Task to carry out:
Please repeat, exactly as written, every line from the one containing "Free Low Angle" through the last line of the records, both included, and leave out any pictures.

□ □ □

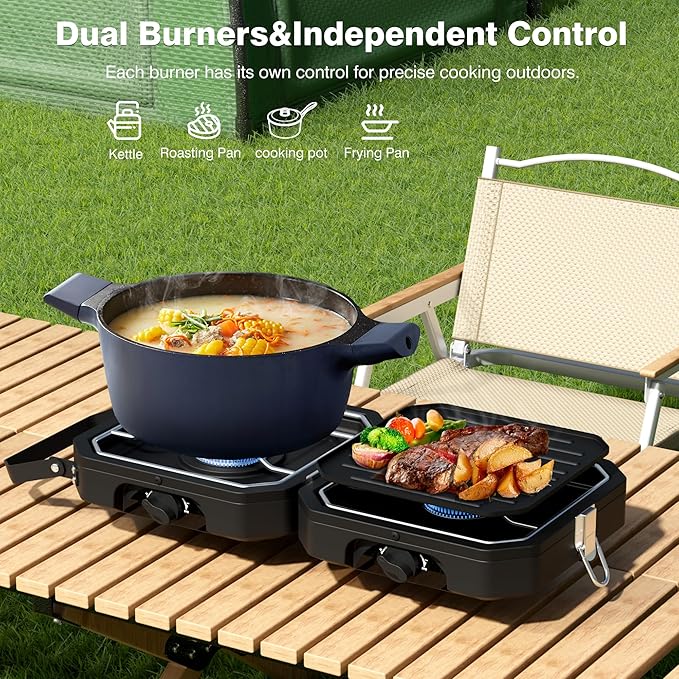 Camping Stove Portable Propane Camp Stove with Independently Adjustable Heat &amp Carry Bag Foldable Gas Stove with 2 Burners for Outdoor CookingTailgating &amp Backyard GatheringBBQ (Black)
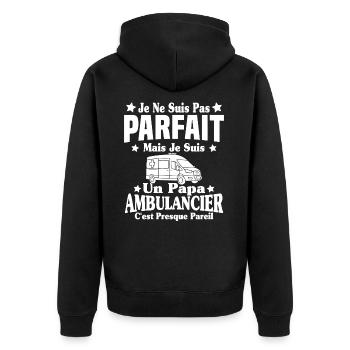 Pas parfait mais je suis un Papa Ambulancier - Veste à capuche bio Premium Unisexe - noir - Dos - Nico (187cm)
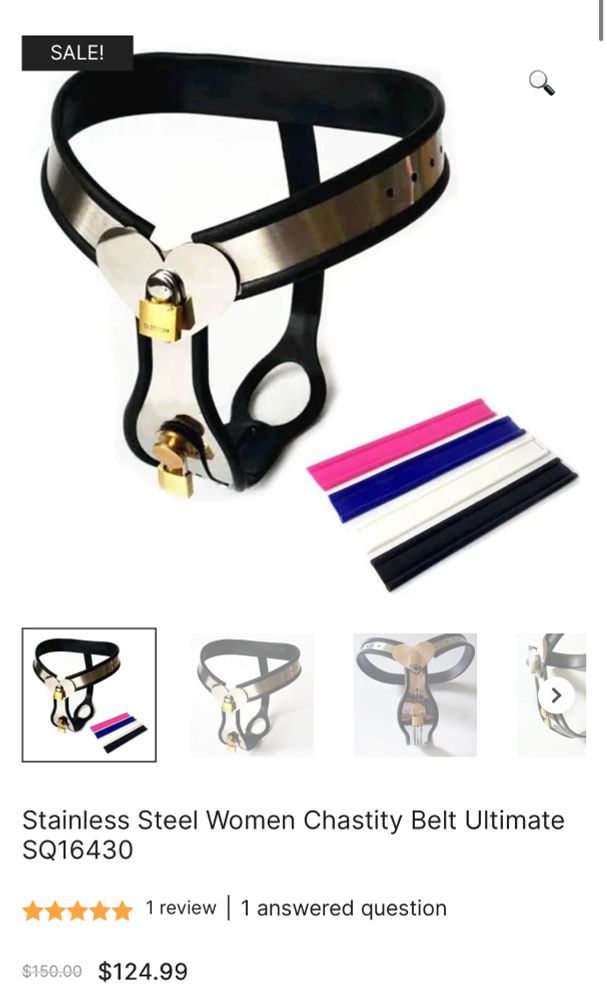 A product listing for a Chasity belt. It has heart shaped details. You know Ayala would look soooo cute in this and it would be sooo fun to tease them the whole month of October. Would they be able to handle it? 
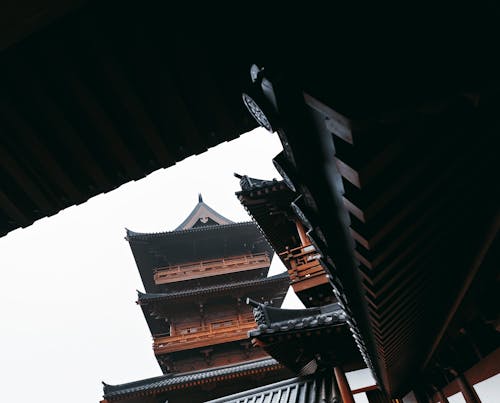 Free Low Angle Shot of Wooden Temple Stock Photo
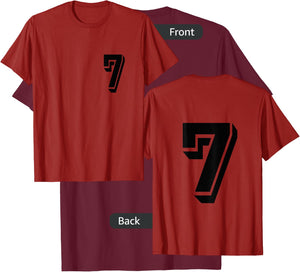 Front and Back number 7 Jersey My Favorite Player #7 T-Shirt - T-Shirt | Maroon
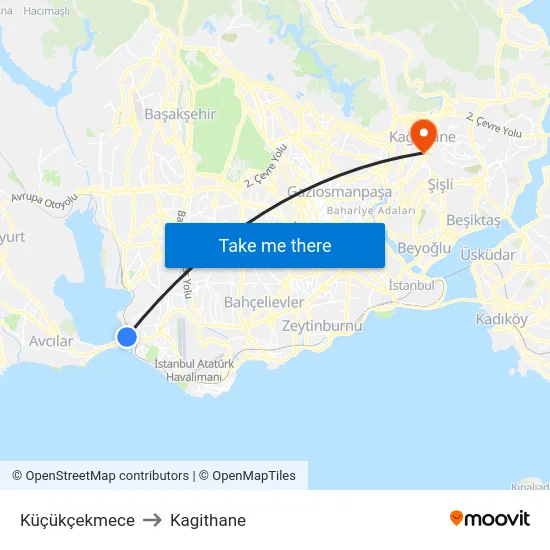 Küçükçekmece to Kagithane map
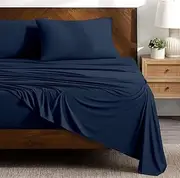 Extra Deep Pocket Twin XL Sheets (4-Piece) Cotton Bed Sheets, 100% Egyptian Cotton 400 Thread Count, 22 Inch Deep Pocket of Fitted Sheet with Elastic All Around (Navy Blue Solid, Twin XL Size)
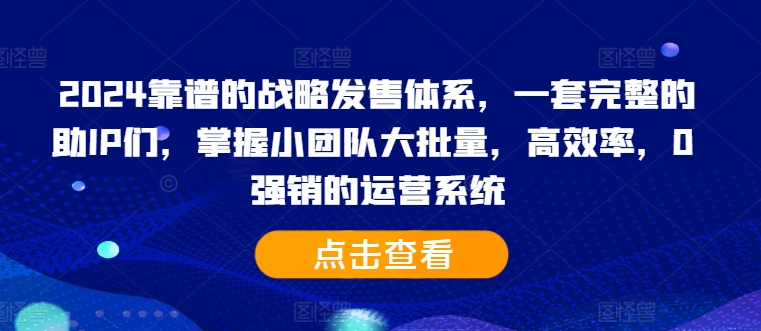 2024靠谱的战略发售体系，一套完整的助IP们，掌握小团队大批量，高效率，0 强销的运营系统-创客资源阁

□ □ □

Exercise response:
 Free Low Angle Shot of Wooden Temple Stock Photo
 Front and Back number 7 Jersey My Favorite Player #7 T-Shirt - T-Shirt | Maroon
 Küçükçekmece to Kagithane map
 Extra Deep Pocket Twin XL Sheets (4-Piece) Cotton Bed Sheets, 100% Egyptian Cotton 400 Thread Count, 22 Inch Deep Pocket of Fitted Sheet with Elastic All Around (Navy Blue Solid, Twin XL Size)
 2024靠谱的战略发售体系，一套完整的助IP们，掌握小团队大批量，高效率，0 强销的运营系统-创客资源阁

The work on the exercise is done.